• ‘Red shirts’ prepare to protect Yingluck

    Pro-government Thai Red Shirt supporters practice self-defense in the camp of “Democracy Protection Volunteers” in Udon Thani province, northeastern Thailand on Friday. AFP PHOTO

    Pro-government Thai Red Shirt supporters practice self-defense in the camp of “Democracy Protection Volunteers” in Udon Thani province, northeastern Thailand on Friday. AFP PHOTO

    UDON THANI, Thailand: With a flurry of punches and kicks, hundreds of Thai “Red Shirts” undergo self-defense drills as they mobilize to protect the embattled government, stoking fears of a dangerous new phase of civil conflict.

    While far from a battle-ready militia, the ranks of sun-weathered rice farmers brim with determination to prevent opposition protesters in Bangkok toppling Prime Minister Yingluck Shinawatra.

    Drawn from the poor but populous north and northeast, the Red Shirts broadly support ousted former premier Thaksin Shinawatra—Yingluck’s elder brother.

    Their rhetoric has crescendoed over the last few weeks, matching an intensifying barrage of legal challenges that could lead to Yingluck’s removal from office.

    In anticipation of her fall, the Red Shirts say they will bring hundreds of thousands of supporters to a Bangkok suburb on Saturday for a two-day rally.

    The move looks likely to raise the stakes in a six-month political crisis that has left 24 people dead and hundreds wounded in grenade attacks and shootings, often targeting protesters.

    A military crackdown on Red Shirt rallies in Bangkok against the previous government in 2010 left scores dead and parts of the city’s commercial center smoldering.

    The backdrop is an eight-year struggle between a royalist establishment— supported by the judiciary and the military—and Yingluck’s family, which has traditionally enjoyed strong support in the northern half of Thailand.

    Lion hearts
    “We have lion hearts . . . we are real fighters,” local Red leader Kwanchai Pripana told Agence France-Presse on the sidelines of the training camp in the movement’s heartland of Udon Thani on Thursday.

    At the camp, around 500—mainly middle-aged—men and women gamely rehersed Muay Thai boxing moves and parade drills despite the sapping heat.

    They have shed their red T-shirts for new black uniforms, in symbolic mourning over a court decision to nullify a February general election disrupted by protesters.

    Kwanchai said 40,000 volunteers have already signed up to act as guards for Red Shirt protests, with several further rounds of training planned across the northeastern region of Isaan.

    “We are building our strength to learn how to defend ourselves,” he said, stressing the volunteers would be unarmed.
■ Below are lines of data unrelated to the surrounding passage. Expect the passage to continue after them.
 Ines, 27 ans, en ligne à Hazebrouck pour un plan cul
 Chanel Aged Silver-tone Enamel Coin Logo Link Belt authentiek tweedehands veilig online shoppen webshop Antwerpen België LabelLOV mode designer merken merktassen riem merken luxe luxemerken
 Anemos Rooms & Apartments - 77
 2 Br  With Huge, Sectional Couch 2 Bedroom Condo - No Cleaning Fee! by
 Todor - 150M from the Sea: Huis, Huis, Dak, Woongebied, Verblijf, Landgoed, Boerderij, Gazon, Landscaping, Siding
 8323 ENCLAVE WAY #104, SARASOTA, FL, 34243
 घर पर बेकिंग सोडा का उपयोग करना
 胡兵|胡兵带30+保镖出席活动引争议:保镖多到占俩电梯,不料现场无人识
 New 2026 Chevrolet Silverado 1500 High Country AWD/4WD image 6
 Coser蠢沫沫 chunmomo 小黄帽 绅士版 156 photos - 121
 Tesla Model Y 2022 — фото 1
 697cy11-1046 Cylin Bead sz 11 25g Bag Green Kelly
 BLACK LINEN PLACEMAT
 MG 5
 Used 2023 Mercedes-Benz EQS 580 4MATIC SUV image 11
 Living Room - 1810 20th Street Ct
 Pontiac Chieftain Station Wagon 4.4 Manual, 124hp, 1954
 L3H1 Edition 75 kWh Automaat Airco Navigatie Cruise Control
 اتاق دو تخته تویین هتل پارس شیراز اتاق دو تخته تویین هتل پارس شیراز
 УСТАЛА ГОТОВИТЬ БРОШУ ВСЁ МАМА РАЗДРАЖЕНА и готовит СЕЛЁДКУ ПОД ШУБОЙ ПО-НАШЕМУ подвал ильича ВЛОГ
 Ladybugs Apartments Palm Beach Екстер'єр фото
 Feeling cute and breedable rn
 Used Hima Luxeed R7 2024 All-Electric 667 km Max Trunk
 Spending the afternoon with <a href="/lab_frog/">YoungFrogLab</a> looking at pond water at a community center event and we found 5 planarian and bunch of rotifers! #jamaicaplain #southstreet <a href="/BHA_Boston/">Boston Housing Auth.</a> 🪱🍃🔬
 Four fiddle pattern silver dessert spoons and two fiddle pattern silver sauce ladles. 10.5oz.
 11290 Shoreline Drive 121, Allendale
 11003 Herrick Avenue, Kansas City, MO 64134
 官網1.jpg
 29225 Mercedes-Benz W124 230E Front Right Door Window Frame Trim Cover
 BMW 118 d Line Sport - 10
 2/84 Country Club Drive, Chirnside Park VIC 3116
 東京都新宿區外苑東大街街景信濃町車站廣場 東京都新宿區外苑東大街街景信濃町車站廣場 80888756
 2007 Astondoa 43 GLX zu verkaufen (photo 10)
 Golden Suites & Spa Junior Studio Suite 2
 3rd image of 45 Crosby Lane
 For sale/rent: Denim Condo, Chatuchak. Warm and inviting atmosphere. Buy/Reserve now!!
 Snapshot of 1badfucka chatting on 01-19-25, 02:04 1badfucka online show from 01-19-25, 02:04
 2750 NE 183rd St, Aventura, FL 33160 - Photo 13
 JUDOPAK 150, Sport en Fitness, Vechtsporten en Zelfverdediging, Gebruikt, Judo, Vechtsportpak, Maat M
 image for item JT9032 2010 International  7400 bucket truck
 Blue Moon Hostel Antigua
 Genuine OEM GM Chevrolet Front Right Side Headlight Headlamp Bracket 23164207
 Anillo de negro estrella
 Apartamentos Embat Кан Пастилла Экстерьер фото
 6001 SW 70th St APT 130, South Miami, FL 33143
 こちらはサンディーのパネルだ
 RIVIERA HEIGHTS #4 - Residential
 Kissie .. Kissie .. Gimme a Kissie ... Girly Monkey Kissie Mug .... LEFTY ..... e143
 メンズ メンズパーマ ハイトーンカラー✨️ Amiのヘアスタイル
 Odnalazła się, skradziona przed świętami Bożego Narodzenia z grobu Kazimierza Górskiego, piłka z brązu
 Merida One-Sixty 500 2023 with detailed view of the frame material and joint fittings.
    “If they kill us this time, when one dies, one thousand Red Shirts will be born,” he added.

    Kwanchai was shot several times at his home in January in what was believed to have been a politically motivated attack. He now periodically needs a wheelchair and has limited use of his right arm.

    Still, with fellow firebrand Suporn Attawong—dubbed “Rambo Isaan”— he organized the training camp for the “Democracy Protection Volunteers.”

    Without a swift cooling of tempers on both sides of Thailand’s bitter divide, analysts warn more violence lies ahead.

    If Yingluck falls, the Red Shirts could seize official buildings and block roads in their strongholds, potentially prompting the army to act to restore order, according to Matthew Wheeler of the International Crisis Group think-tank.

    “The prospects for the country look grim in the near term. People feel it’s going to get worse before it gets better,” he added.

    Observers say the Shinawatra family has been holding back its trump card to use in the event Yingluck falls.

    She faces neglect of duty charges linked to a loss-making rice subsidy scheme and allegations of abuse of power over the transfer of a top security official.

    “Once Thaksin uses the Reds, it may be impossible to control them,” said Paul Chambers, director of research at the Institute of South East Asian Affairs at Chiang Mai University.

    The movement could become “a sort of bucking bronco,” he added.

    Thaksin, a billionaire tycoon-turned-politician, fled overseas in 2008 to avoid jail for a corruption conviction, but he is seen as pulling the strings behind his sister’s premiership and is accused by opponents of nepotism and rampant corruption.

    His critics say he uses taxpayers’ money to buy the loyalty of rural voters through populist policies.

    The Red Shirts fear that the political and economic clout they have gained since Thaksin’s emergence in 2001 will now be taken away by Thailand’s wealthy establishment.